'Design' ruling is setback
But proponents say the decision isn't a fatal blow for the movement
A federal judge's ruling that intelligent design is faith masquerading as science is being viewed by all sides involved with the issue as a setback, though not a fatal blow, for the movement promoting the concept as an alternative to evolution.
Intelligent design advocates say U.S. District Judge John E. Jones' lengthy, pointed rebuke of the concept Tuesday in a case out of Pennsylvania may energize supporters, many of whom view his opinion as part of a broader pattern of hostility by courts and the government to religion in public schools.
Jones criticized the "breathtaking inanity" of the 2004 decision by the Dover Area School Board to insert intelligent design into the science curriculum. He called the concept "a religious view, a mere re-labeling of creationism" and said the board's policy violated the constitutional separation of church and state. Intelligent design holds that living organisms are so complex that they must have been created by some kind of higher being.
"This galvanizes the Christian community," said William Dembski, a leading proponent of the theory and a senior fellow at the Discovery Institute, a Seattle think-tank that promotes intelligent design research. "People I'm talking to say we're going to be raising a whole lot more funds now."
From a legal perspective, the decision's immediate consequences are very limited. The school system is not expected to appeal because several board members who backed intelligent design were voted out of office in November and replaced by candidates who reject the policy.
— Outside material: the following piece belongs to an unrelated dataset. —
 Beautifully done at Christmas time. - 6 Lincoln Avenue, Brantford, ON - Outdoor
Yet opponents contend intelligent design advocates have emerged from the case substantially weakened. The ruling will likely influence judges in other districts and discourage other school officials from pursuing similar policies, said K. Hollyn Hollman, general counsel for the Baptist Joint Committee, a Washington group that promotes separation of church and state.
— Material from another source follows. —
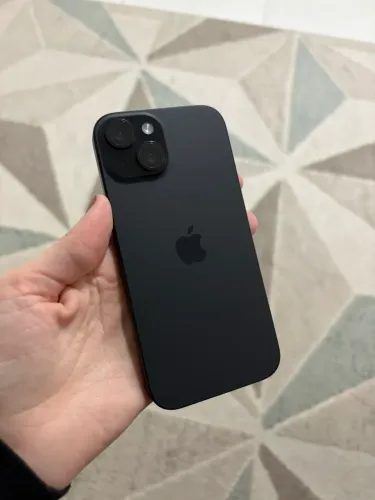 iPhone 15 - 128 GB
Battles over evolution are already being waged in Georgia and Kansas.
"Because it was a six-week trial, with a lot of testimony from proponents of intelligent design as well as critics from the scientific community, it's going to have a big impact," Hollman said. "It had a pretty full hearing."
The court defeat also comes at a time when movement leaders are failing to win support even among scientists sympathetic to their religious world view.